Rajesh: Im Jahr 2002 war ich mit meiner Frau für ca. ein Jahr in Neuseeland. Dort habe ich meinen ersten Katamaran aus der Nähe gesehen. Seit dem habe ich dieses Ziel vor Augen. Ganz aufgegeben habe ich meinen Job allerdings noch nicht, ich kann jederzeit wieder anheuern und auf einem Frachter als Bordingenieur arbeiten ... und ganz ehrlich, wenn ich die ARK nicht verkaufen kann, werde ich die nächsten fünf Jahre kein Land unter die Füße bekommen.
STS: Dann haben Sie also ihr gesamtes Geld in den Bau gesteckt?
Rajesh: Ja, die ARK ist viel teurer geworden, als ich gedacht hatte, aber ich wollte nicht am falschen Ende sparen und musste einige Teile teuer in England einkaufen, oft war die Fracht teurer als das eigentliche Material. Allein das Segel und die Beschläge haben schon ein halbes Vermögen gekostet.
STS: Warum haben Sie sich für das Design von James Wharram entschieden?
Rajesh: Die ARK besteht aus Holz, Glasfaser und Epoxy, diese Bauweise kannte ich bereits von meinen anderen Booten, und meine Mitarbeiter hatten die nötige Übung, da lag der Entschluss nahe. Zudem ist das Tiki 30 ein schöner und flotter Katamaran, den man für viele Zwecke einsetzen kann, sowohl für Küstenfahrten als auch für die hohe See, auch zur Schulung ist es durch seine einfach Handhabung geradezu ideal, auf Kundenwunsch kann der Mittelteil auch mit einer Kabine ausgestattet werden.

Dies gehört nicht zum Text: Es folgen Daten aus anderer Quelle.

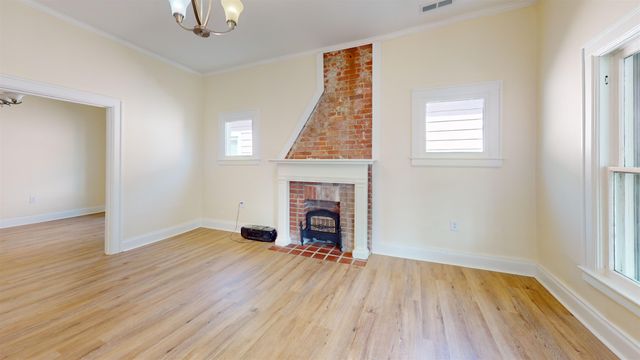 89 Division Street, Huntington, WV 25702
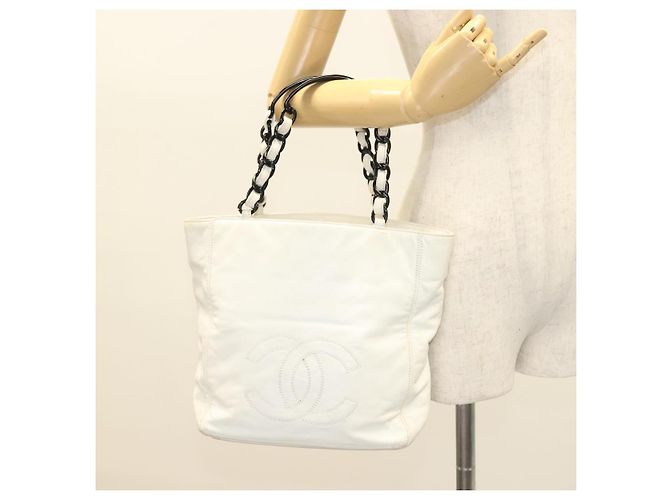 CHANEL Ketten-Tote Tasche aus Lammleder Weiß CC Auth 128237 - Ansicht 24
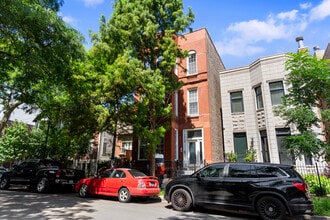 Building Photo - 1710 W Erie St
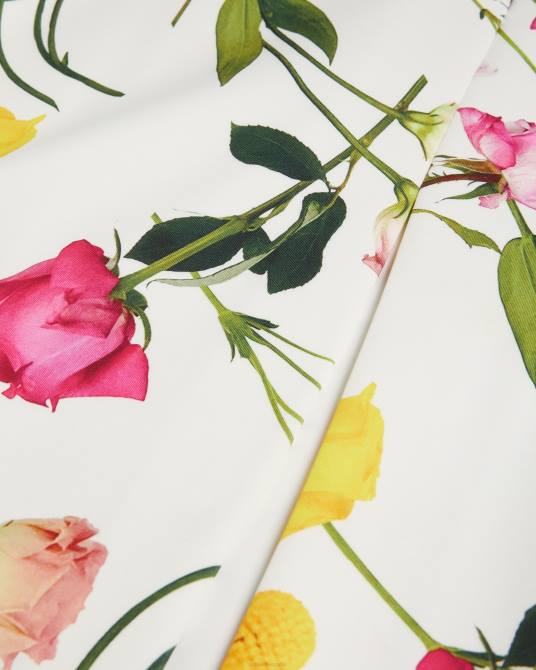 Ted Baker mujer 2ZFP171 ropa vestido ajustado con escote Bardot y estampado floral de Loveina blanco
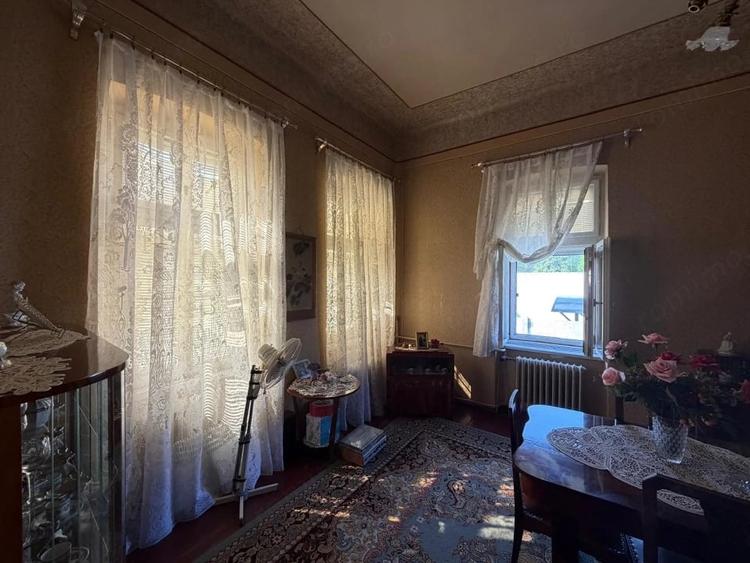 Casă cu 3 camere cu Teren 619 Mp în Central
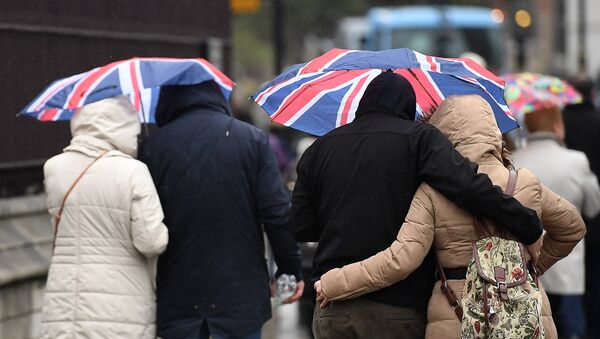 Люди в Лондоне под зонтиками - Sputnik Lietuva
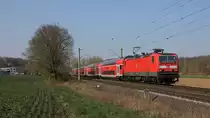 Am 28.03.2020 war die Main-Lahn-Bahn zwischen Niederbrechen und Eschhofen wegen eines umgestürzten Baumes nur eingleisig befahrbar. Deshalb fuhr die RB 15271 (Limburg - Frankfurt) an diesem Tag im Gegengleis. Bestehend aus 143 231 und fünf Doppelstockwagen der 4. Generation fährt der Zug gerade vom Halt in Lindenholzhausen weiter.
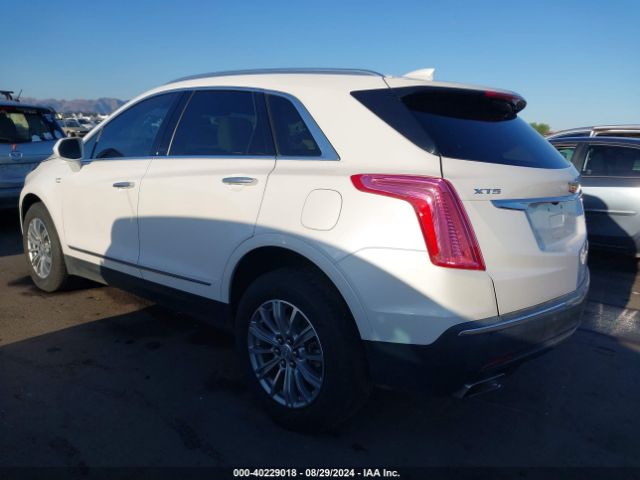 Photo 2 VIN: 1GYKNBRS2HZ135640 - CADILLAC XT5 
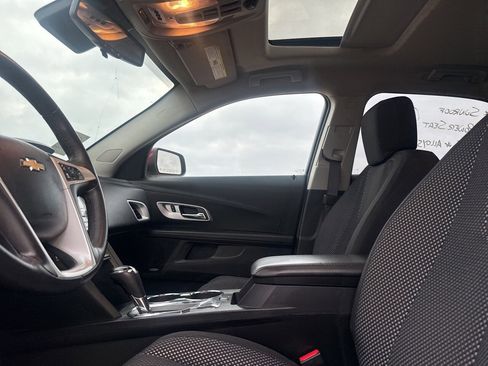 Used 2017 Chevrolet Equinox LT image 42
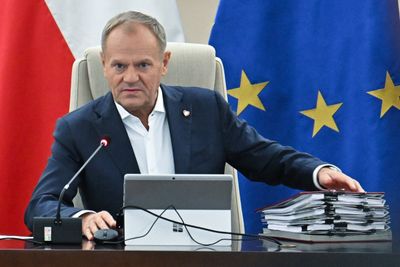 Donald Tusk
Radek Pietruszka
Kancelaria Prezesa Rady Ministr�w, kprm, polityk polityka, posiedzenie, prezes rady Ministr�w, Rada Ministr�w, rz�d, rz�d rz�du, rz�d Tuska, rz�du, rz�du Tuska, w kprm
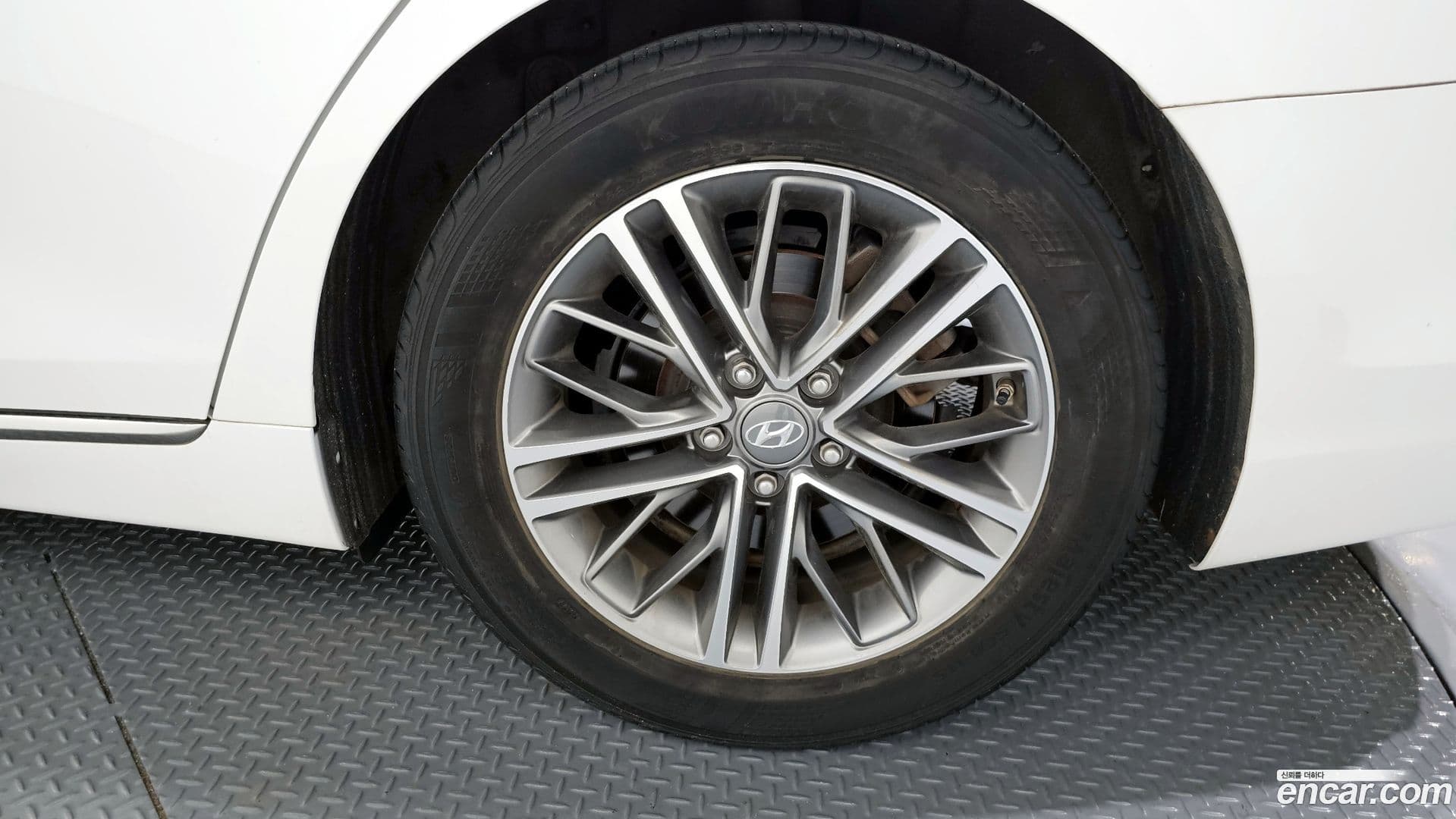 Main__Slider__Photo:Grandeur Hyundai 2017.5-20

STS: Das Tiki 30 ist fertig. Was steht als nächstes auf Ihrem Plan?
Rajesh: Natürlich hoffe ich, dass die Gespräche auf der Messe
den gehofften Erfolg zeigen. Ich habe inzwischen Baupläne für
unterschiedlichste Bootsformen, so dass ich auf die Ansprüche meiner
Kunden eingehen kann und die Boote nach ihrem Bedarf bauen kann.
Rajesh (verschmilzt lächelnd): Die LKWs, die das Tiki abgeholt haben,
hatten eine 45 Fuß-Ladefläche, da ist noch einiges drin.
STS: Haben Sie noch irgendetwas, was Sie loswerden möchten?
Rajesh: Ja, ohne die Unterstützung meiner Frau Harinda wäre das Projekt nicht rechtzeitig fertig geworden. Sie war zusammen mit mir auf dem Frachter und hat die Pläne studiert. Sie hat alle Schnitte errechnet und auf das Holz übertragen, das durch unsere Schreiner später bearbeitet wurde. Sie hat die Genehmigungen erkämpft, die nötig sind, um das Schiff überhaupt nach Bombay bringen zu dürfen. Das war eine großartige Leistung.
STS: Hat mich sehr gefreut. Ich danke Ihnen für das Gespräch.